China and India, according to many, are two major pillars of the global market economy and potential “trade super powers”. Once enemies, these Asian giants that house two-fifth of the world’s population turned to economic reforms almost at the same time, though the pace of its implementation was not same. However, these reforms, writes Jonathan Holslag in his recent book, ‘China and India: Prospects for Peace’, changed the contours of the bilateral relationship between the two countries. The transformation from closed socialist economies to liberal market economies also marked the transformation of India and China from enemy states to “trading states”, argues Holslag.

This change is a radical departure from the “zero-sum thinking that was predominant during the cold war” and led to “new opportunities for cooperation” between the two countries, which had fought a bloody war in 1962 and seen near-war scenarios at least five times ever since. In China, the post-Mao leadership was conscious not to repeat the “failures of the Great Leader”, while in India a reform-minded prime minister, Rajiv Gandhi, laid the foundations for “constructive nationalism”, rejecting his mother’s and grand father’s “negative nationalism”. This shift is what set the stage for India and China to emerge as trading states and to enhance cooperation.
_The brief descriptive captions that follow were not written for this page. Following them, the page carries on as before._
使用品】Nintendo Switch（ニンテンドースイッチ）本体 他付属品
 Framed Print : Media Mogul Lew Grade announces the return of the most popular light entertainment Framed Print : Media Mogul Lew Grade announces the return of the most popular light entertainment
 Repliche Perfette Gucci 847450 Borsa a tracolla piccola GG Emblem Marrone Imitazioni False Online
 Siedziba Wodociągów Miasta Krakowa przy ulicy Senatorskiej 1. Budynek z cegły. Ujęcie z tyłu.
Since the opening up of the economies, there is a remarkable improvement in the bilateral cooperation between India and China – trade boomed over the last three decades, the number of top level visits rose, discussions on contentious border issues have been held frequently and cooperation at the global level, bet it WTO or climate talks, also strengthened. The talk of war has been “put to one side”. Euphoric Western liberals lost no time to praise free market economics, claiming more trade will spawn more interest groups, which will lobby for “broader and deeper relations” with other trading states. Did that really happen in Indo-China relations?

Holslag agrees that there are visible changes. But did the enhanced economic cooperation helped India and China put aside the historic rivalry and become ideal trading states? Like many other rational India-China watchers Holslag retains his apprehensions about the claims of “neofunctionalist liberalism”. He discusses in detail why these steps toward a comprehensive partnership between India and China “will not succeed”. According to him, the existing “complementarity between India and China will disappear once they achieve their economic ambitions”. The traditional rivalry will likely spread to the economic sphere as well, challenging the concept of “Chindia”. The still unresolved border issues, the military security dilemma and the suspicion in public perceptions about the “other” power are the other major impediments India-China ties face with. The economic drivers are too weak to reverse these challenges. “In the short-term, we will therefore observe a continuation of the great power contest,” writes Holslag.

The 234-page book is rich with historical facts, economic data and diverse perceptions of experts from India and China. The 13-page bibliography underlines the authenticity and seriousness of the research Holslag undertook to write this comparatively small book. His key argument that strategic rivalry would continue to dominate Indo-China relations irrespective of the improvement in economic cooperation looks rational given the complex history of bilateral ties between the two countries. Holslag could have placed this hypothesis in the larger geopolitical context. The race for influence in Asia is going to be the race for world domination in a changing world. How the love-hate diplomacy of India and China is going to influence international politics? Unfortunately, Holslag leaves this untouched.

Jonathan Holslag (2010), “China + India: Prospects for Peace, Columbia University Press: New York (Reviewed for Business World)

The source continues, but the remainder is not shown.